Captioned web image data:

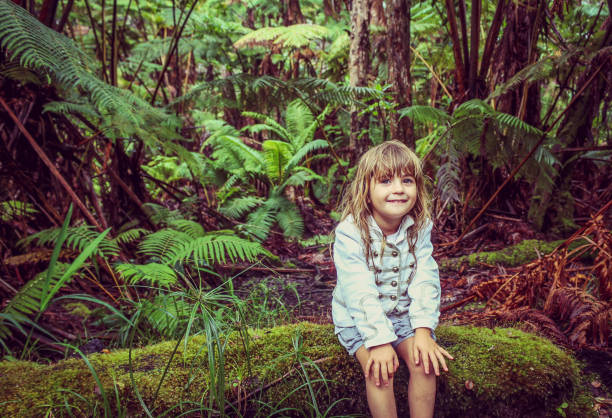 eight-year-old girl in a red swimsuit sitting on the rocks at the edge of a crystal clear river smiling at the camera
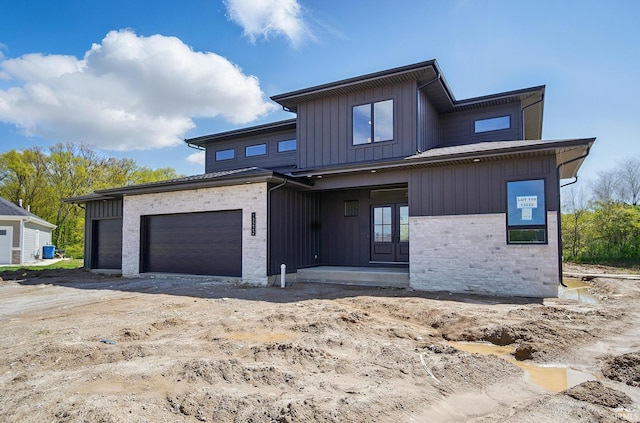 13222 Malfini Trl, Fort Wayne, IN 46845 - modern home featuring a garage, french doors, board and batten siding, and stone siding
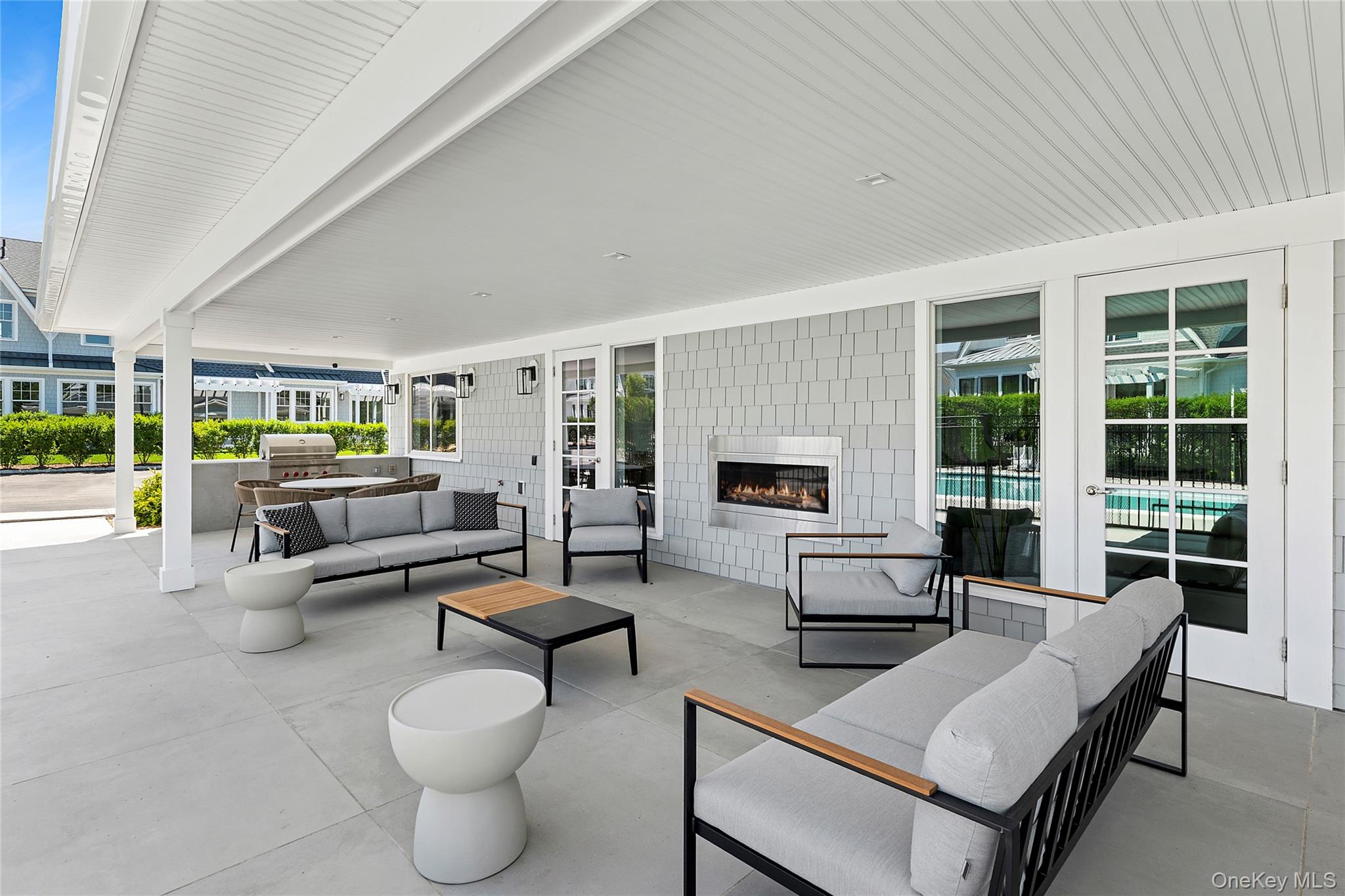 12 Depot, Unit 103 (PEARL WAY) Westhampton Beach, NY 11978 - Photo 14 of 28 a living room with furniture and a large window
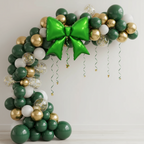 Party Paradise Store green bow balloon arch with gold and white accents for Christmas holiday party decorations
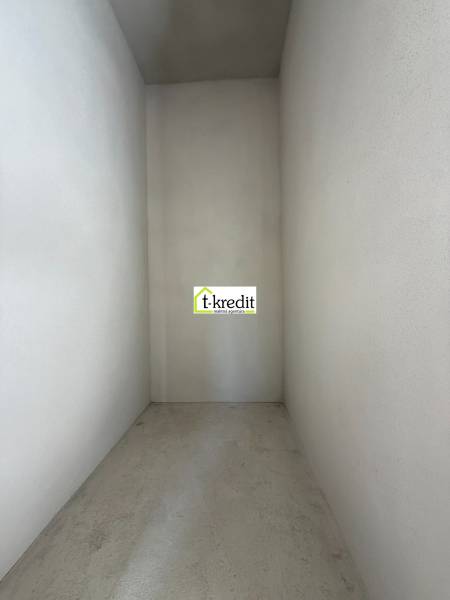 Ein enger, leerer Innenraum eines Einfamilienhauses mit Betonboden und weißen Wänden.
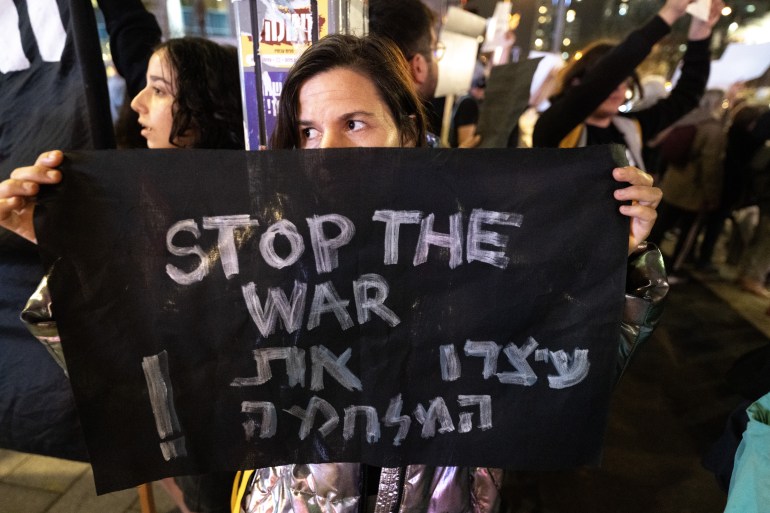 Israeli activists gather in front of Ministry of Defense to protest the attacks on Gaza and call for ceasefire in Tel Aviv, Israel on December 05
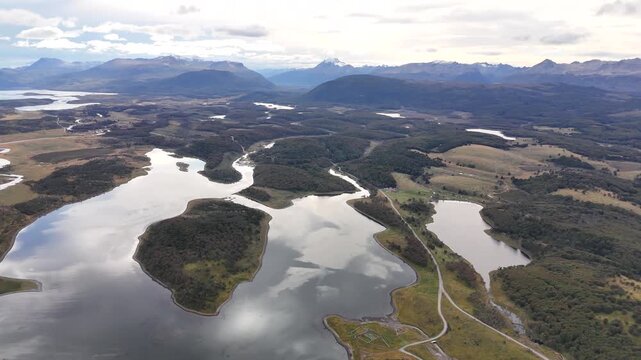 Cinematic aerial raising over the intricate waterways of Bahia Harberton to reveal the rugged Patagonian wilderness and snow-capped Andes mountains in Argentina
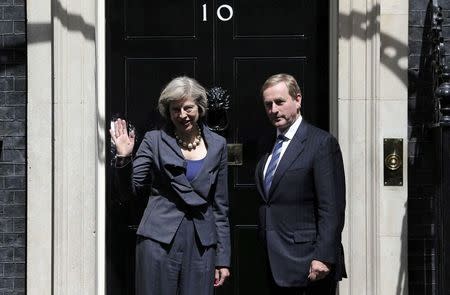 Britain's Prime Minister Theresa May (L) poses for the media with Ireland's Taoiseach Enda Kenney in Downing Street in London, Britain June 26, 2016. REUTERS/Neil Hall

◆ **THE PROBLEM**: All lines from the one containing "Party Paradise Store" through the end of the entries, both ends included, should be written out exactly, with no pictures.

◆ **WRITTEN SOLUTION**:
 Party Paradise Store green bow balloon arch with gold and white accents for Christmas holiday party decorations
 Ein enger, leerer Innenraum eines Einfamilienhauses mit Betonboden und weißen Wänden.
 Israeli activists gather in front of Ministry of Defense to protest the attacks on Gaza and call for ceasefire in Tel Aviv, Israel on December 05
 Cinematic aerial raising over the intricate waterways of Bahia Harberton to reveal the rugged Patagonian wilderness and snow-capped Andes mountains in Argentina
 Britain's Prime Minister Theresa May (L) poses for the media with Ireland's Taoiseach Enda Kenney in Downing Street in London, Britain June 26, 2016. REUTERS/Neil Hall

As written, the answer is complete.